[Start of Attachment]

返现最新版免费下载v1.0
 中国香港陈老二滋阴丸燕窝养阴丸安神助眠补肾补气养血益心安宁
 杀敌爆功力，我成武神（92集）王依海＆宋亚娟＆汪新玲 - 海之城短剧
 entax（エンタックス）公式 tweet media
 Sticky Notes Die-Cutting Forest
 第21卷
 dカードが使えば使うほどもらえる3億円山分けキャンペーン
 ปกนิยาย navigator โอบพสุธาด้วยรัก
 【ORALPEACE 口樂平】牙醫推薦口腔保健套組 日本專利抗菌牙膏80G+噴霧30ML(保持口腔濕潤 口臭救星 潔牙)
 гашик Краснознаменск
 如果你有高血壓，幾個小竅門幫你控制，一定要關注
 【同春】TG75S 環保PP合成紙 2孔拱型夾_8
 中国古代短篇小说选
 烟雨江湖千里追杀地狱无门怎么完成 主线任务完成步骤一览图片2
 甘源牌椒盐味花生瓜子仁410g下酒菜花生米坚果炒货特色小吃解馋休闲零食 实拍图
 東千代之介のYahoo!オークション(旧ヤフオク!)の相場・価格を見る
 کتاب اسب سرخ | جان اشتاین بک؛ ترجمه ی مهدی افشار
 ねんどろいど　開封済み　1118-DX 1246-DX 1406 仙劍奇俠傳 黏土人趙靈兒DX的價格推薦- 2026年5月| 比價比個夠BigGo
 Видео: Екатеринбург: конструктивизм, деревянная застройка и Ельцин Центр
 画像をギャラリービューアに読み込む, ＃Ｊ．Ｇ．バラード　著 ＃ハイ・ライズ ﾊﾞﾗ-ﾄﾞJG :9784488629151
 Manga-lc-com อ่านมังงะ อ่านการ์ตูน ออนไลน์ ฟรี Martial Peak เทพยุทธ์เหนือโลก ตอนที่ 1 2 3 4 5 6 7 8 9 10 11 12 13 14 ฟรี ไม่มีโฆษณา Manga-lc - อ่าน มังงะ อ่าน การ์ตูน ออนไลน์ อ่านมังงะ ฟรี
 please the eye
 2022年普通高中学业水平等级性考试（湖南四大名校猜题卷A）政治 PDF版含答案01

[End of Attachment]

TASK TO COMPLETE —
Your answer should be the whole listing above, repeated exactly as it appears.

TASK SOLUTION —
返现最新版免费下载v1.0
 中国香港陈老二滋阴丸燕窝养阴丸安神助眠补肾补气养血益心安宁
 杀敌爆功力，我成武神（92集）王依海＆宋亚娟＆汪新玲 - 海之城短剧
 entax（エンタックス）公式 tweet media
 Sticky Notes Die-Cutting Forest
 第21卷
 dカードが使えば使うほどもらえる3億円山分けキャンペーン
 ปกนิยาย navigator โอบพสุธาด้วยรัก
 【ORALPEACE 口樂平】牙醫推薦口腔保健套組 日本專利抗菌牙膏80G+噴霧30ML(保持口腔濕潤 口臭救星 潔牙)
 гашик Краснознаменск
 如果你有高血壓，幾個小竅門幫你控制，一定要關注
 【同春】TG75S 環保PP合成紙 2孔拱型夾_8
 中国古代短篇小说选
 烟雨江湖千里追杀地狱无门怎么完成 主线任务完成步骤一览图片2
 甘源牌椒盐味花生瓜子仁410g下酒菜花生米坚果炒货特色小吃解馋休闲零食 实拍图
 東千代之介のYahoo!オークション(旧ヤフオク!)の相場・価格を見る
 کتاب اسب سرخ | جان اشتاین بک؛ ترجمه ی مهدی افشار
 ねんどろいど　開封済み　1118-DX 1246-DX 1406 仙劍奇俠傳 黏土人趙靈兒DX的價格推薦- 2026年5月| 比價比個夠BigGo
 Видео: Екатеринбург: конструктивизм, деревянная застройка и Ельцин Центр
 画像をギャラリービューアに読み込む, ＃Ｊ．Ｇ．バラード　著 ＃ハイ・ライズ ﾊﾞﾗ-ﾄﾞJG :9784488629151
 Manga-lc-com อ่านมังงะ อ่านการ์ตูน ออนไลน์ ฟรี Martial Peak เทพยุทธ์เหนือโลก ตอนที่ 1 2 3 4 5 6 7 8 9 10 11 12 13 14 ฟรี ไม่มีโฆษณา Manga-lc - อ่าน มังงะ อ่าน การ์ตูน ออนไลน์ อ่านมังงะ ฟรี
 please the eye
 2022年普通高中学业水平等级性考试（湖南四大名校猜题卷A）政治 PDF版含答案01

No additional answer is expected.